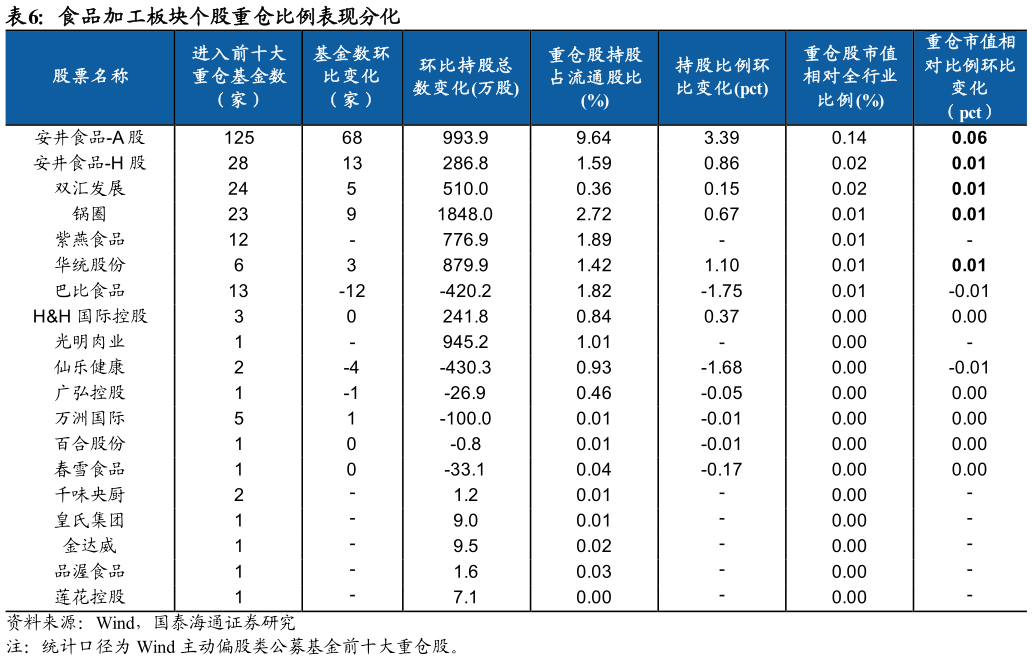 请问一下食品加工板块个股重仓比例表现分化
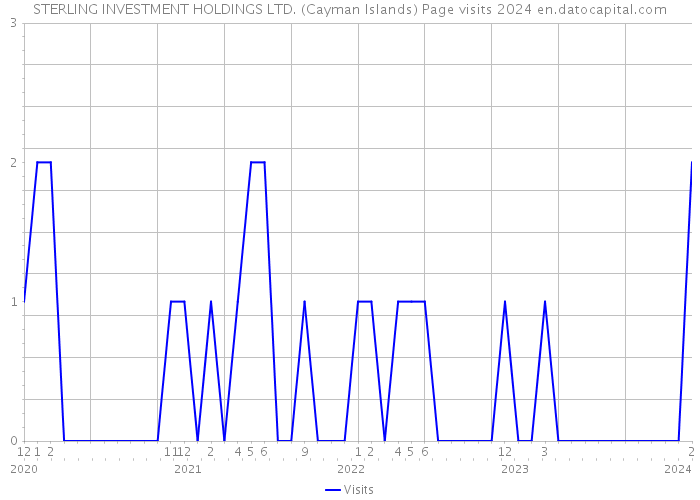 STERLING INVESTMENT HOLDINGS LTD. (Cayman Islands) Page visits 2024 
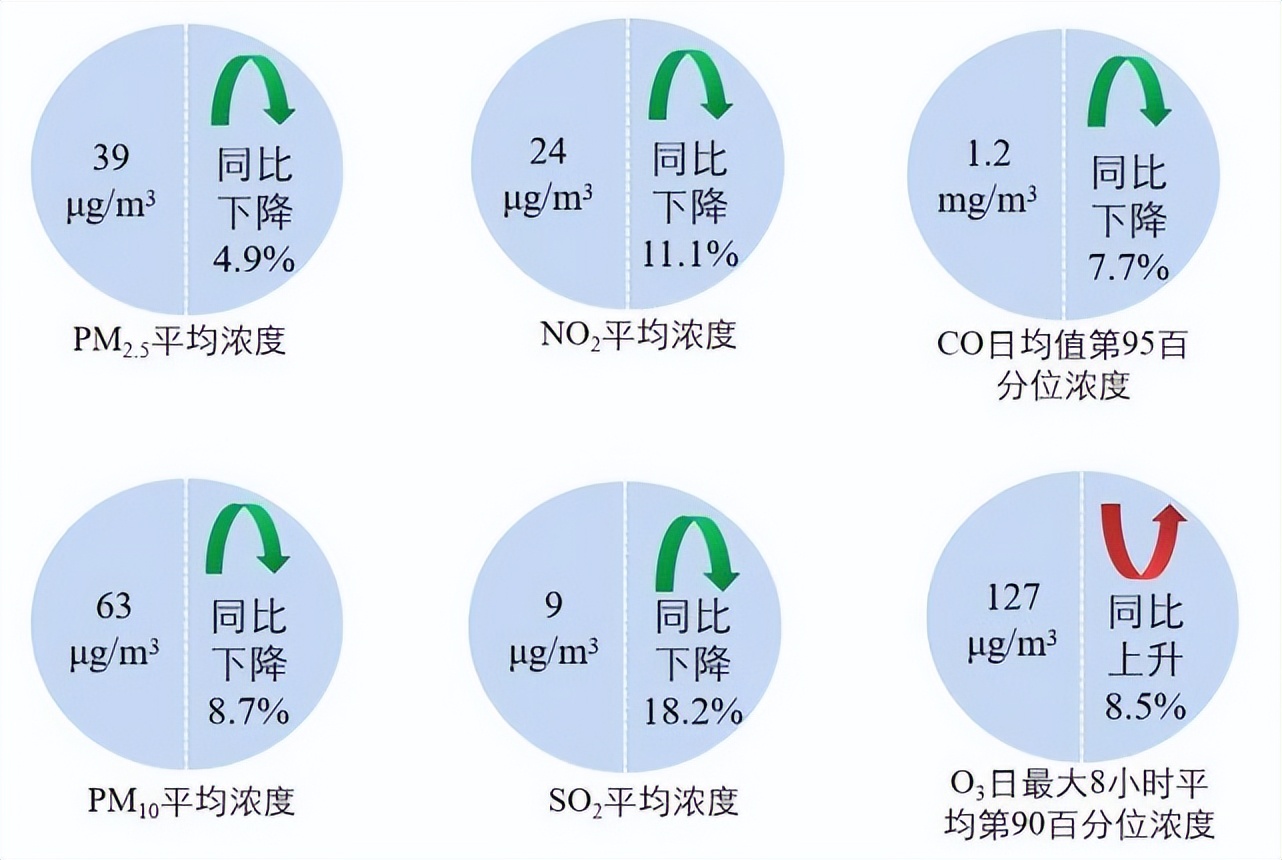 最新通报！贵阳排名稳居全国前五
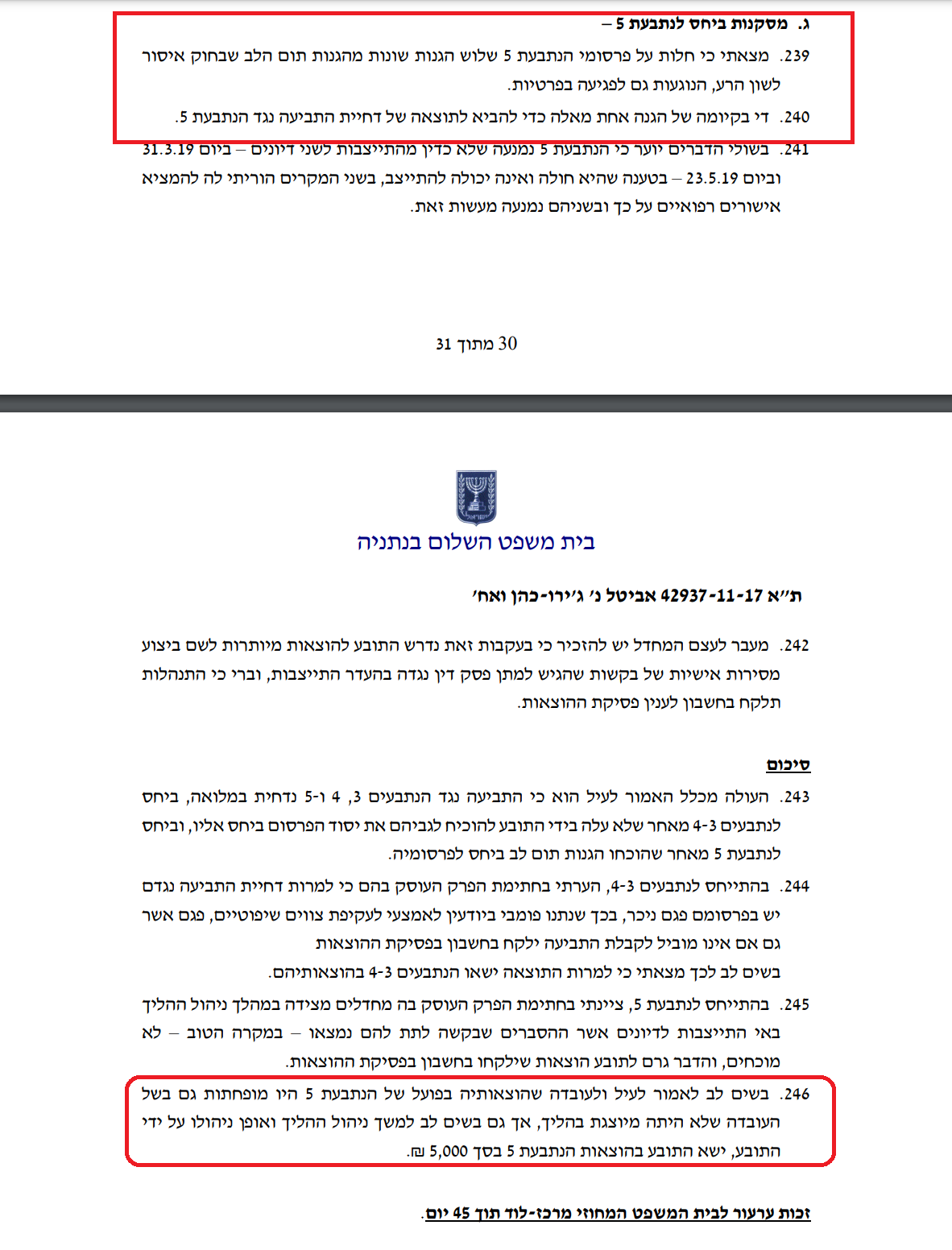 עו"ד אסף דוק מפסיד בתביעה לשון הרע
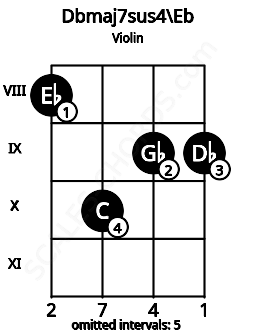 Fretboard image for the Dbmaj7sus4\Eb chord on violin frets: 8 10 9 9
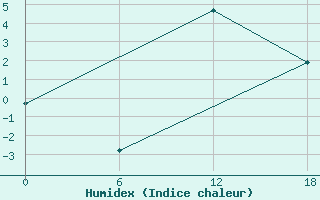 Courbe de l'humidex pour Padun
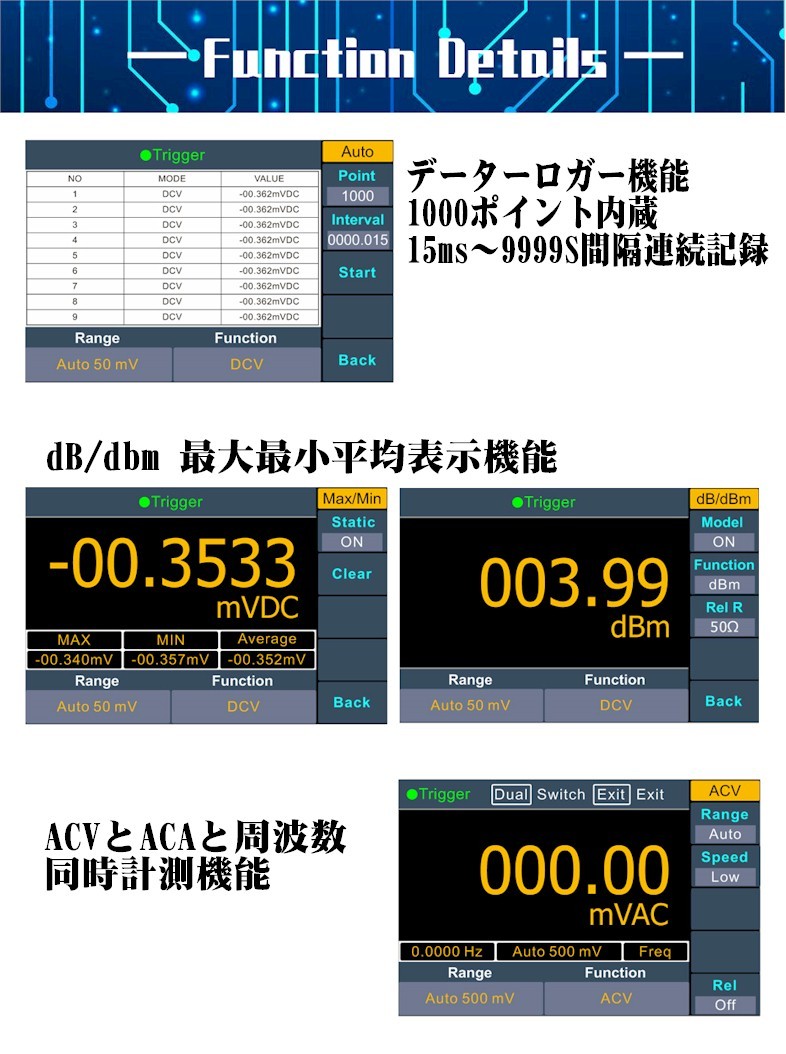 高精度 55000カウント 4桁1/2 真の実効値 RMS ベンチタイプ デジタル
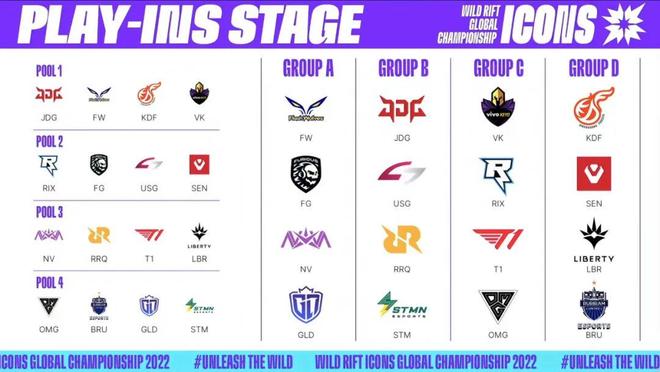 创新的体现 创新的体现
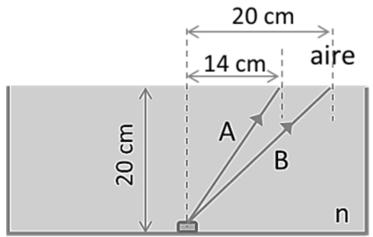 Esquema de refracción en una cubeta de profundidad 20 cm. El rayo A incide a una distancia horizontal de 14 cm y el rayo B a 20 cm.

━━━━━━━━━━━━━━━━━━━━

About this task:
Nothing but the lines from the beginning of the material above through the line containing "创新的体现 创新的体现" should appear in the answer, copied exactly and free of pictures.

Answer to this exercise:
 请问一下食品加工板块个股重仓比例表现分化
 STERLING INVESTMENT HOLDINGS LTD. (Cayman Islands) Page visits 2024 
 最新通报！贵阳排名稳居全国前五
 עו"ד אסף דוק מפסיד בתביעה לשון הרע
 Fretboard image for the Dbmaj7sus4\Eb chord on violin frets: 8 10 9 9
 Courbe de l'humidex pour Padun
 高精度 55000カウント 4桁1/2 真の実効値 RMS ベンチタイプ デジタル
 创新的体现 创新的体现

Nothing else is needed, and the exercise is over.